We are experiencing better operational results in our pulp and paper business as compared to 2015. We have had a strong operating history in our BCTMP mills and our joint venture Newsprint mill. We continue to be pleased with the performance of these three mills despite challenging market conditions in the second quarter for our BCTMP business. We are making progress in our NBSK operations as production is up 7% from the same period in 2015. Our Hinton mill continues to show improving results. What is particularly encouraging is that we have set a number of short-term production records at the mill this year. Nevertheless, mill reliability issues are not yet behind us and we continue to focus a significant amount of management focus on this operation.

Our outlook with respect to lumber markets continues to be very positive with respect to the medium-term. For some time, we have been consistent in our view that until we see 1.3 million U.S. housing starts, we will experience some volatility in lumber markets. This week’s release of U.S. housing starts and existing home sales is very encouraging and further supports our optimistic view. U.S. housing starts were just under 1.2 million in June. U.S. existing home sales achieved a new post-crisis high in June at $5.57 million, the highest level dating back to the first quarter of 2007. Key factors such as demographics and improving U.S. economy and low new home inventory should continue to spur new home construction. Our business in China is quite strong as we look out for the remainder of the year.

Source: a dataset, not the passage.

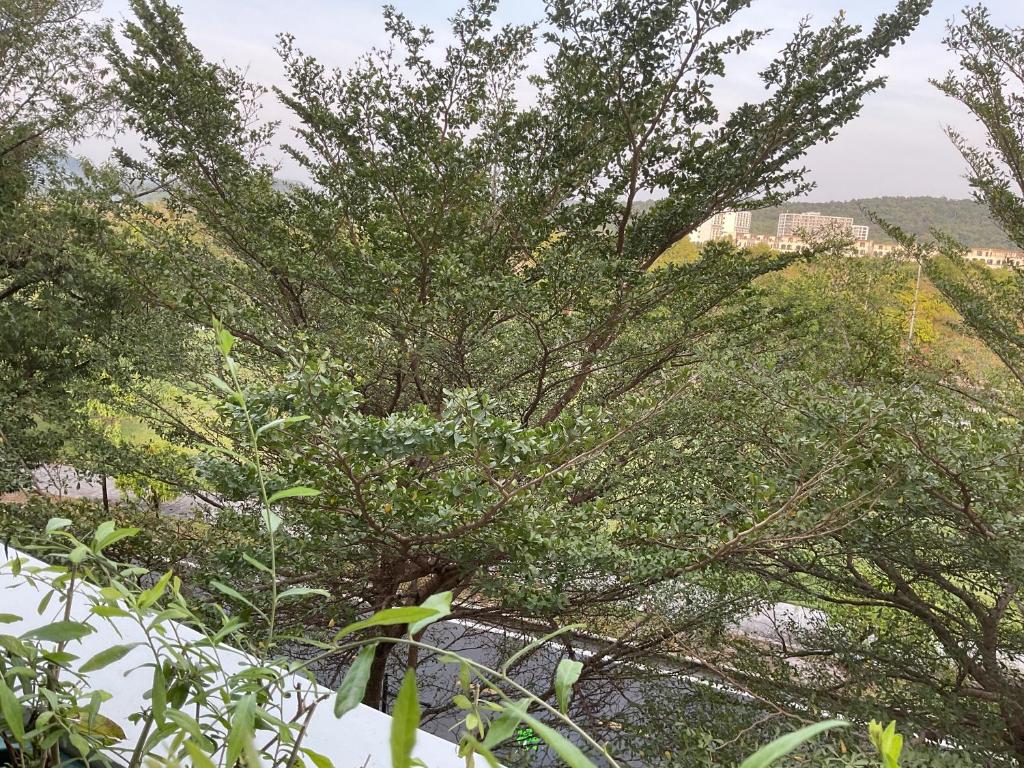 Green Inn Phu Quoc Hotel - 8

BCTMP markets have been under significant price pressure for the first half of 2016 due to challenging operating conditions in China. BCTMP prices hit bottom in the second quarter. We have seen them increase by approximately 15% over the past few months and expect that BCTMP markets will remain strong for the remainder of the year. NBSK pricing has been relatively flat.

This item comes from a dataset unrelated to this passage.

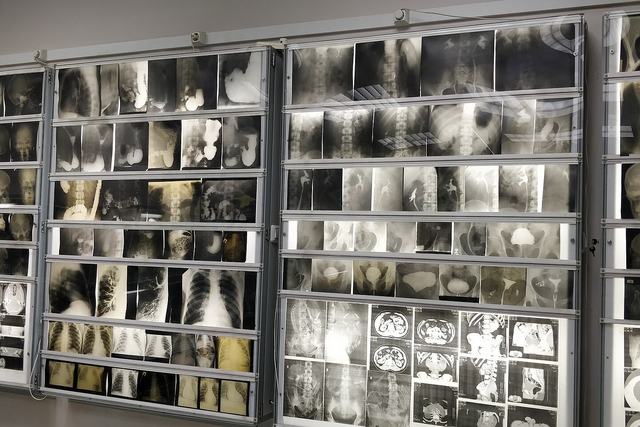 Anatomy museum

With this, I will turn the call over to Larry.

Larry Hughes

Thanks, Ted and thanks everyone for joining us today as well. I will be referring to several non-IFRS terms in my comments this morning and so please refer to our MD&A under the heading non-IFRS measures for definitions and descriptions of how these terms are calculated.

For the second quarter of 2016, we reported earnings of $98 million or $1.22 basic earnings per share. Beginning on Page 3 of our MD&A, we identify various non-operational items, which we adjust from earnings in order to more clearly reflect the results from our operations. The result, which we refer to as adjusted earnings, was $64 million or $0.80 adjusted basic earnings per share. This compares with $0.60 per share in the first quarter of 2016 and $0.15 per share for the second quarter of 2015. The most significant adjustment to earnings in the quarter was a $30 million gain related to equity-based compensation.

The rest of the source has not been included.